Of the records that follow, copy only the lines from the line containing "DIY embroidered Mr and Mrs hand towel gifts!" to the line containing "Lò nướng bánh", both included, exactly as written.

#### RECORDS PROVIDED

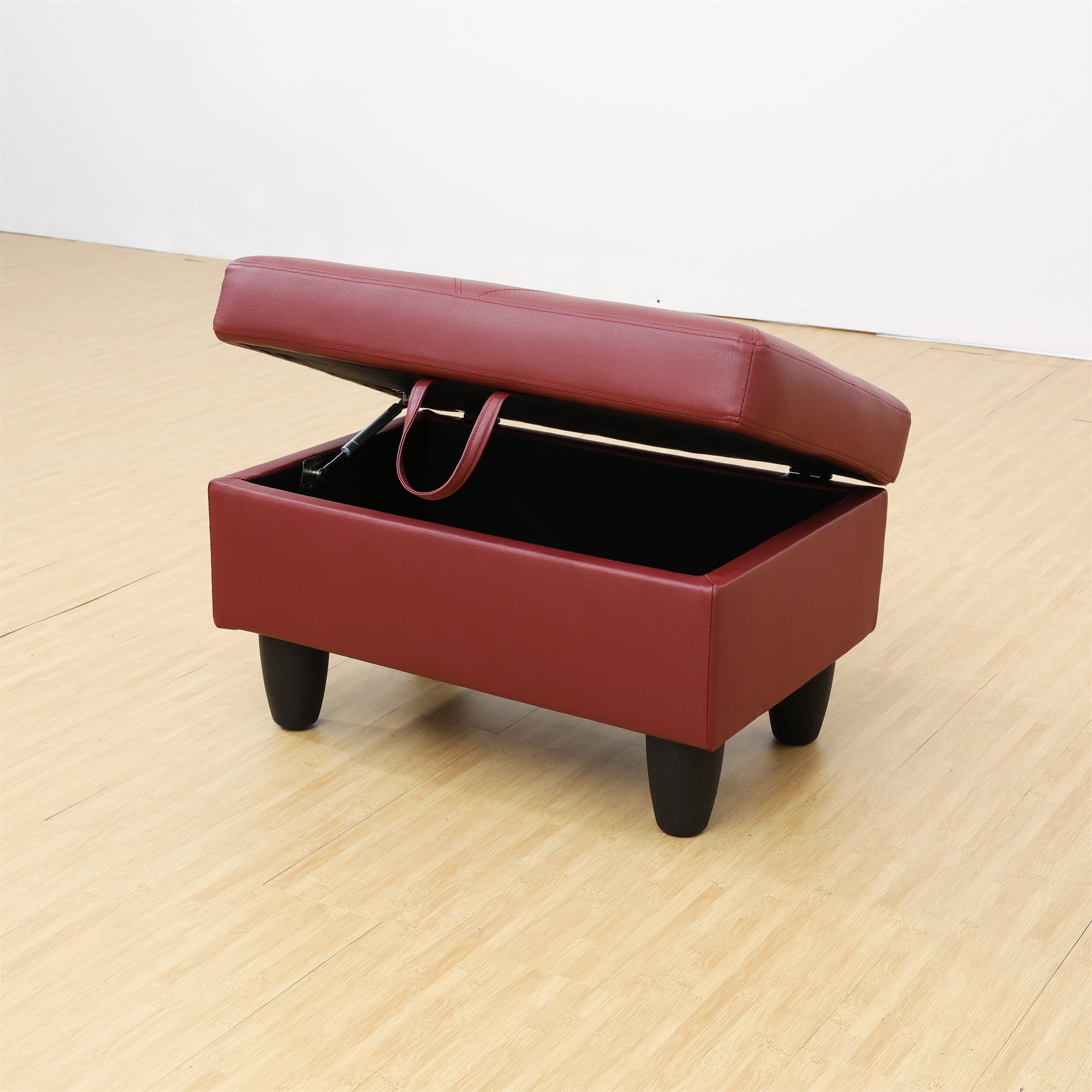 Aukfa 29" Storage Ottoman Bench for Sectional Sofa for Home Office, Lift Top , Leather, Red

########
#### RECORDS PROVIDED

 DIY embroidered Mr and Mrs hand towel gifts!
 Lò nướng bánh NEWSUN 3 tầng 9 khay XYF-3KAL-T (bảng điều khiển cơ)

########

▶ [SOLUTION FOR THIS PROBLEM]:
 DIY embroidered Mr and Mrs hand towel gifts!
 Lò nướng bánh NEWSUN 3 tầng 9 khay XYF-3KAL-T (bảng điều khiển cơ)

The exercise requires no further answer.